_Items from a data source_

════════════════════

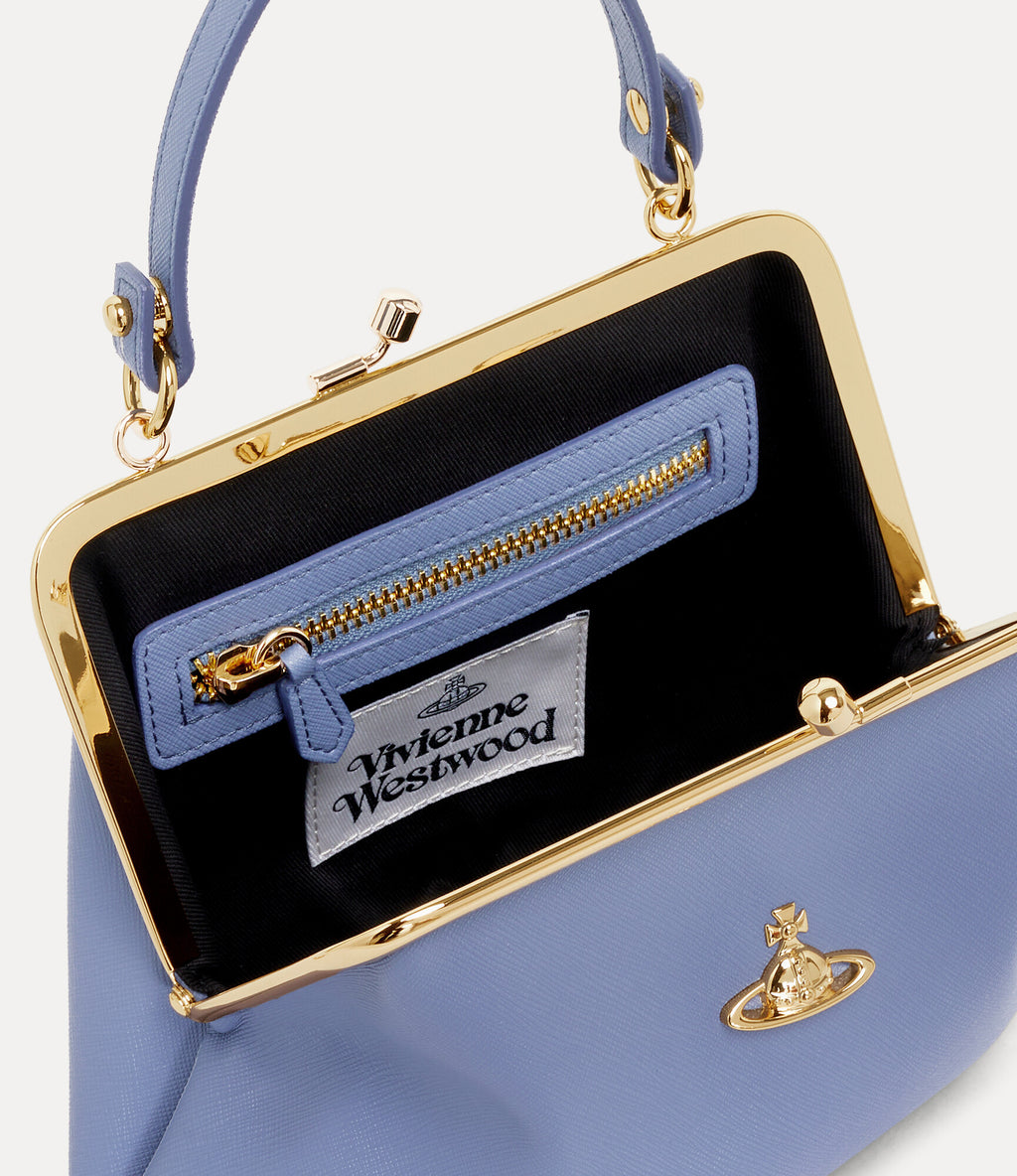 Granny Frame Purse 5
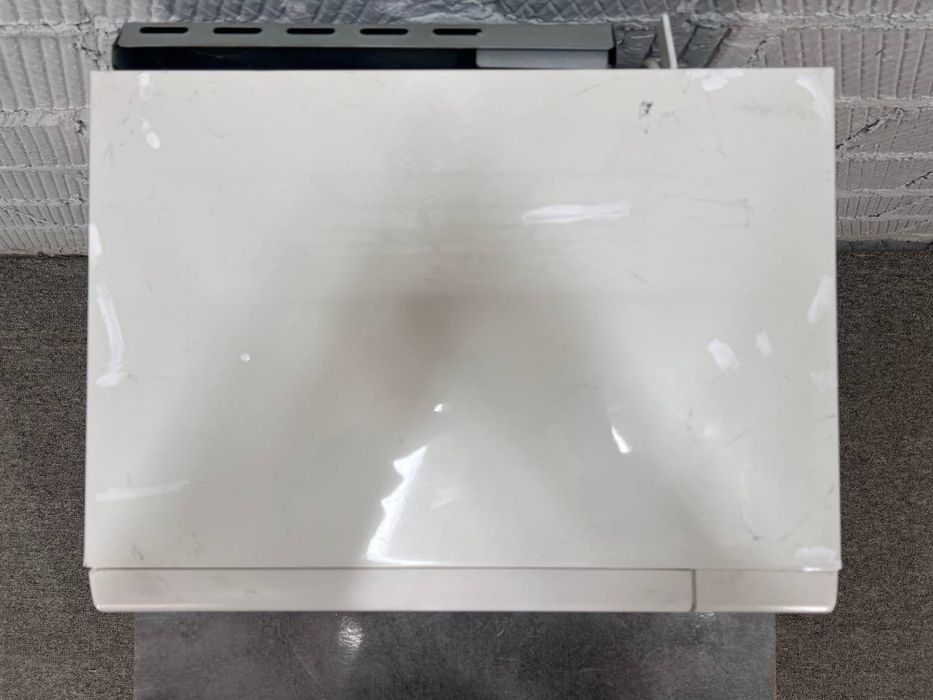 Мікрохвильовка Sharp 19л 800Вт з грилем, біла, з Європи, б/у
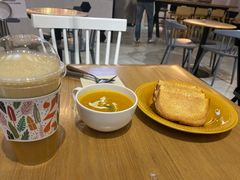 -HELLO 27 意面·沙拉·帕尼尼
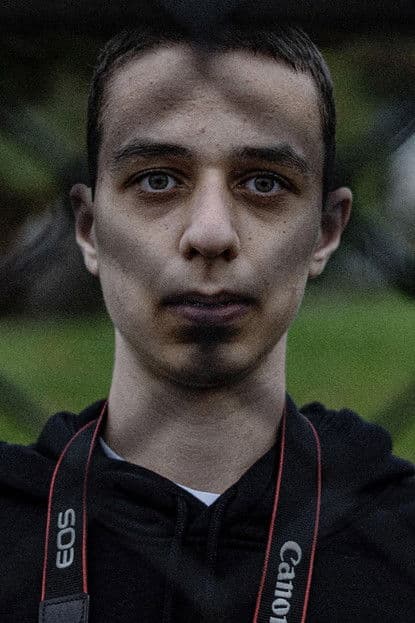 Dylan White profile photo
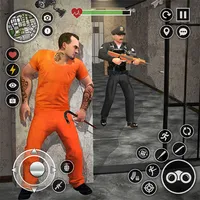 Prison Break: Jail Escape Game icon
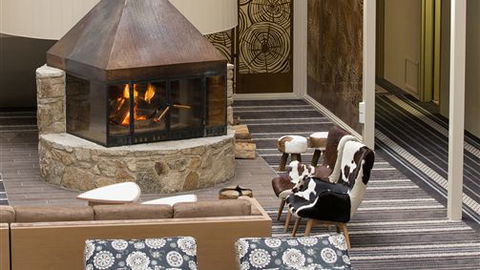 The Sebel Pinnacle Valley Resort - Hotel Accommodation 7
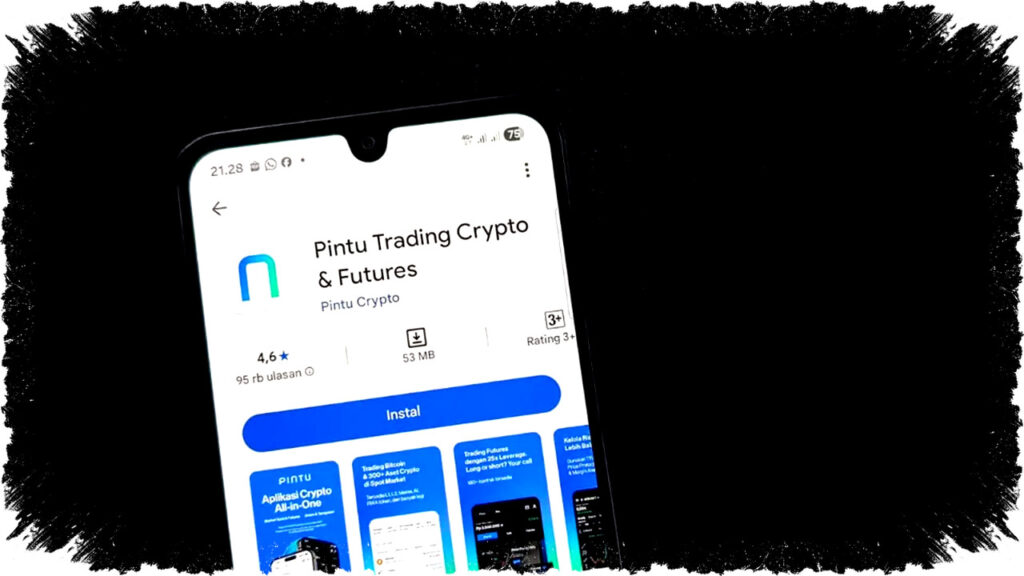 Hati-hati Unduh APK Gratis, Risiko Keamanan Besar! PINTU Imbau Unduh Aplikasi Hanya dari Google Play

════════════════════

_Work to be completed_
Your answer must be an exact copy of the lines from the start of the entries through the line with "The Sebel Pinnacle", with no pictures.

_Written answer_
 Granny Frame Purse 5
 Мікрохвильовка Sharp 19л 800Вт з грилем, біла, з Європи, б/у
 -HELLO 27 意面·沙拉·帕尼尼
 Dylan White profile photo
 Prison Break: Jail Escape Game icon
 The Sebel Pinnacle Valley Resort - Hotel Accommodation 7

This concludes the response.